I was raised on a family farm, but it’s been fifteen years since I walked through a field and felt truly connected to crops destined to grace a table. The knack of growing things had all been in the hands of my grandmother and uncle. I preferred to help harvest and head straight to the kitchen. For entirely selfish reasons (spelled P-I-E), I find myself looking forward to the Frog Hollow fruits coming into season more and more as the tour goes on.
Farmer Al leads me through a field devoted to testing other varieties of trees to see how they grow here in Brentwood. He shows me the olive trees planted along the fence lines and tells me to look forward to their leaves in the winter season. We visit with a crew checking on the health of the trees and another crew busy cutting back the growth of grasses between rows by hand. I mention how a lot of the farms I grew up around—when they weren’t using herbicides—would thin down unwanted vegetation with a fire crew. Farmer Al assures me that here cultivation is king, and all the clippings will be hoed right back into the soil.

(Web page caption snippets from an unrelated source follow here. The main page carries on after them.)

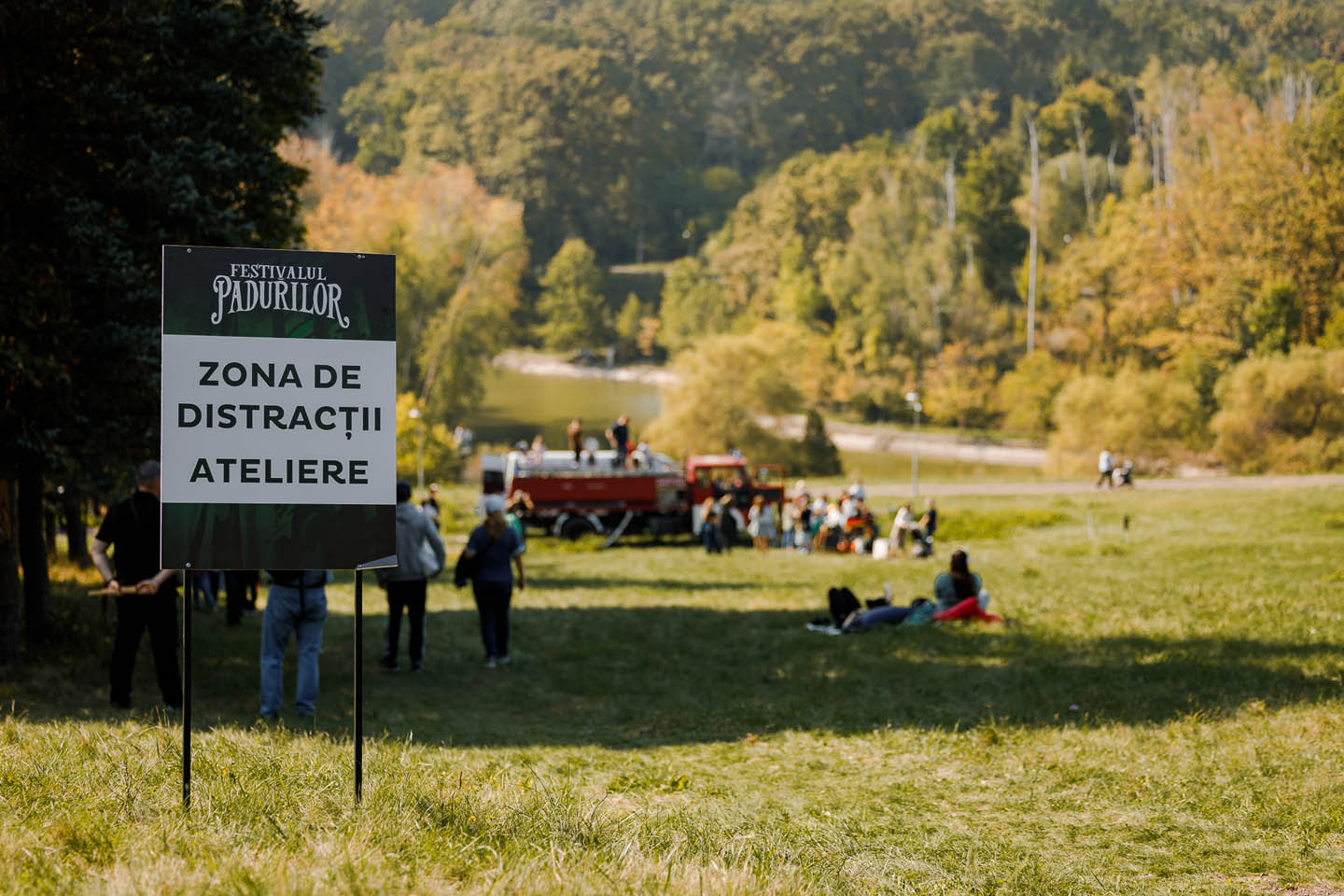 Люди на зелёной поляне в парке возле таблички «Зона развлечений и мастерских» на фестивале лесов.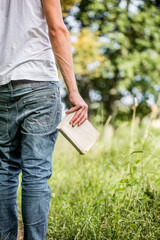 Naklejka premium a man holding a book in his hand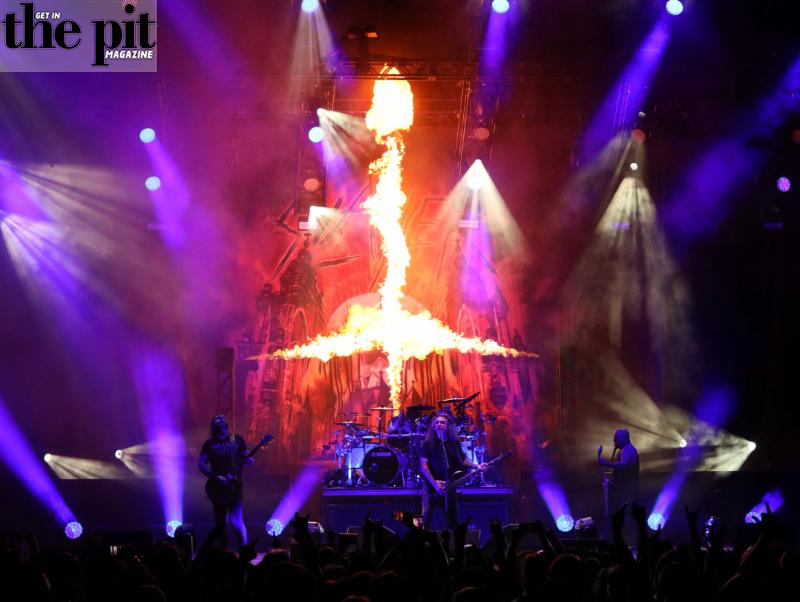 A heavy metal band performing on stage with a fiery backdrop and dramatic purple lighting, to an audience visible in the foreground.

We turn and head leisurely through rows of pear trees where the blossoms are just now falling away from the bulbs, and finally we stop at the clusters of beehives to enjoy a quiet moment listening to their hum.

While I’m waiting for the fruit to ripen alongside the rest of the Frog Hollow fans, I know there’s a bottle of olive oil and a jar of chutney back at the packing shed with my name on it. What a great introduction for my kitchen and to life here at the farm.